What the task asks
Retype the listing below exactly, pictures removed.

:: Extracted records

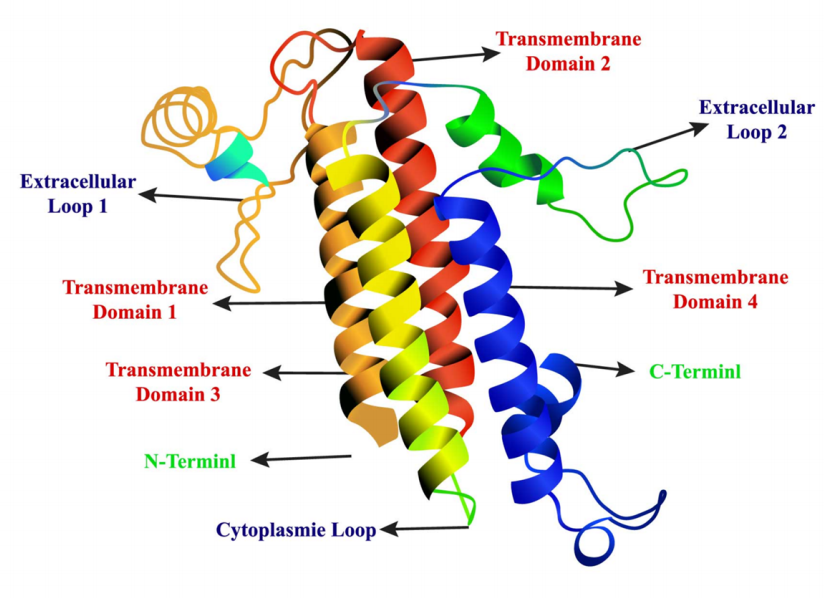 Claudin蛋白结构示意图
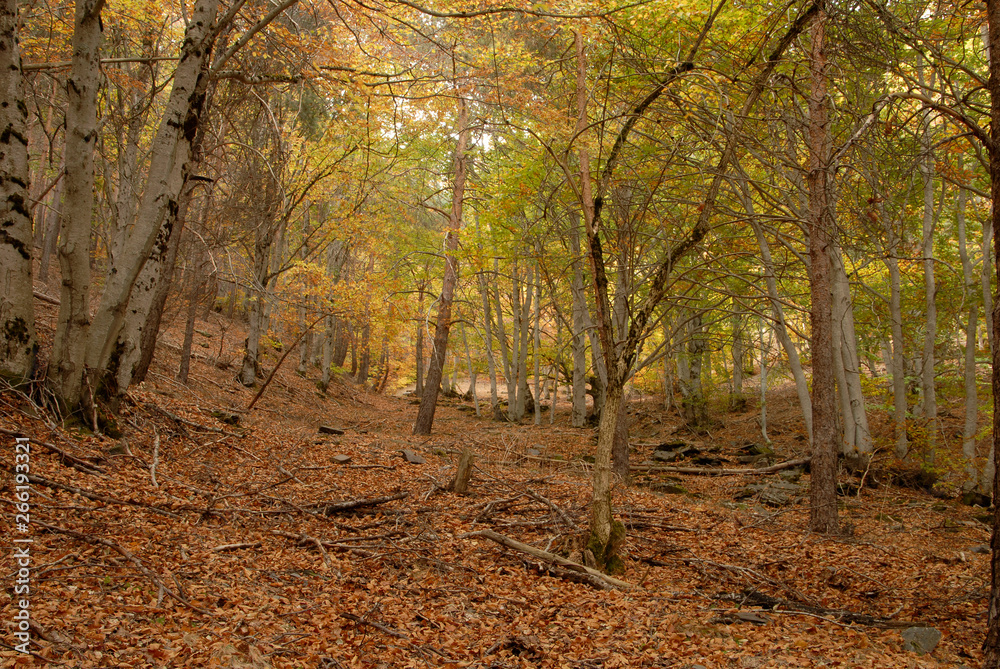 Bosque de La Tejera Negra en Otoño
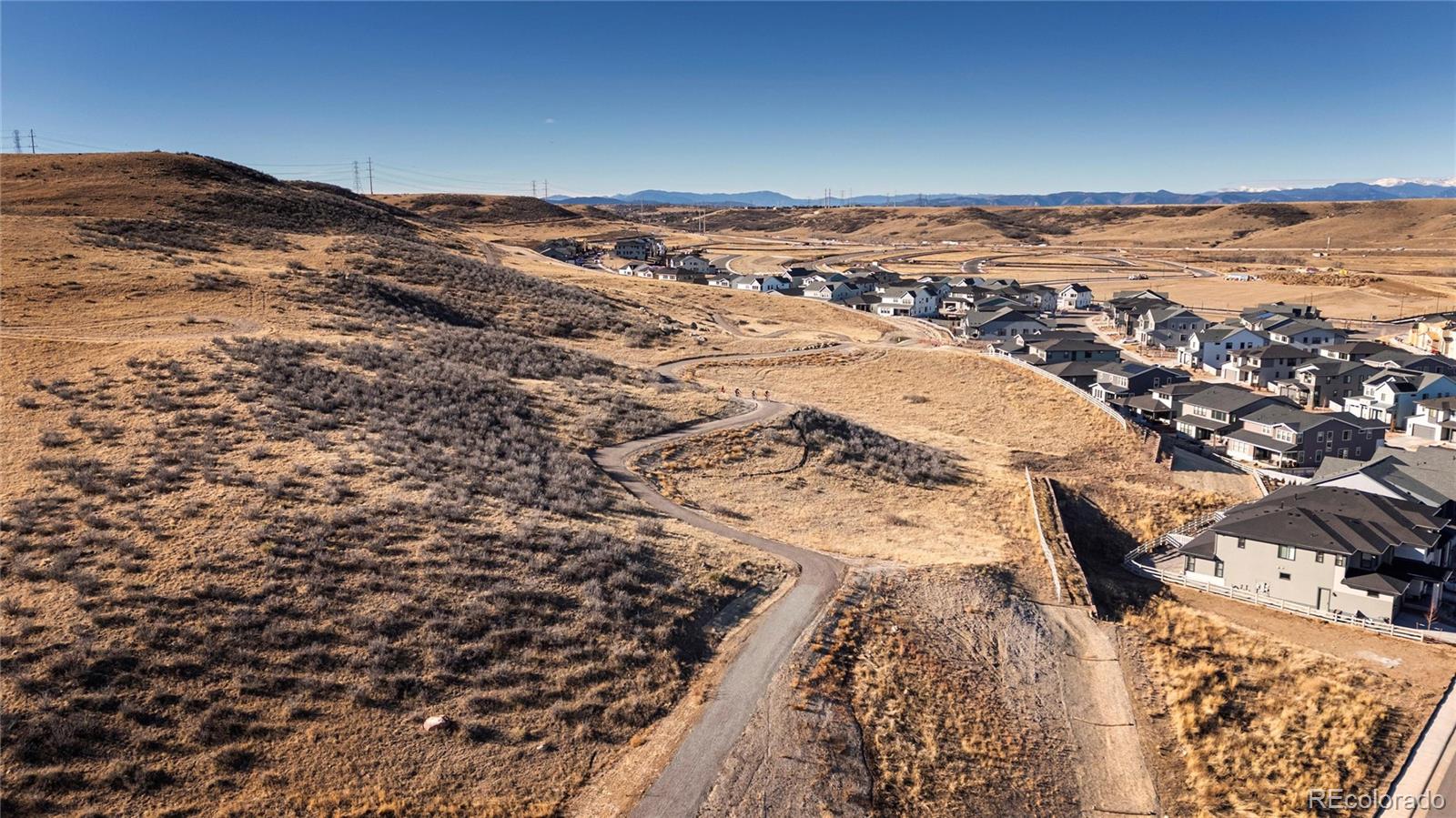 12015 Verse Road Lone Tree, CO 80134 - Photo 45 of 46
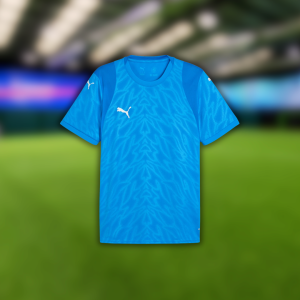 Puma TeamCup Jersey (Blue)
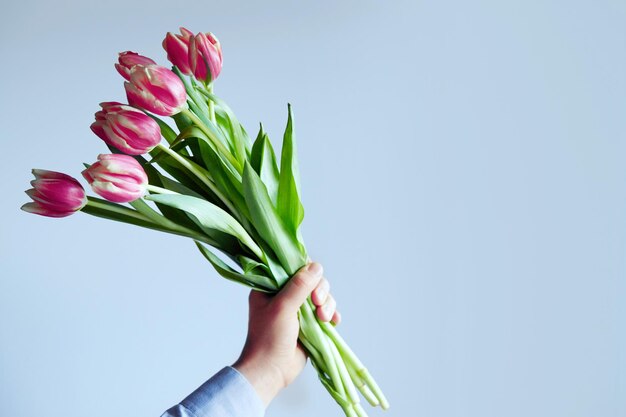 De hand van een man houdt een mooi boeket tulpen vast tegen een blauwe achtergrond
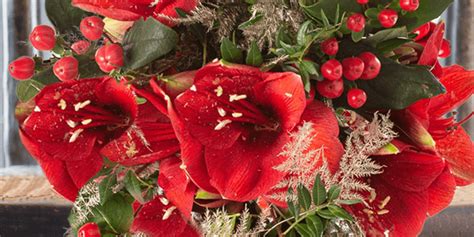 Top 6 Traditional Christmas Flowers & Plants - Appleyard London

::::

Answer below
 Claudin蛋白结构示意图
 Bosque de La Tejera Negra en Otoño
 12015 Verse Road Lone Tree, CO 80134 - Photo 45 of 46
 Puma TeamCup Jersey (Blue)
 De hand van een man houdt een mooi boeket tulpen vast tegen een blauwe achtergrond
 Top 6 Traditional Christmas Flowers & Plants - Appleyard London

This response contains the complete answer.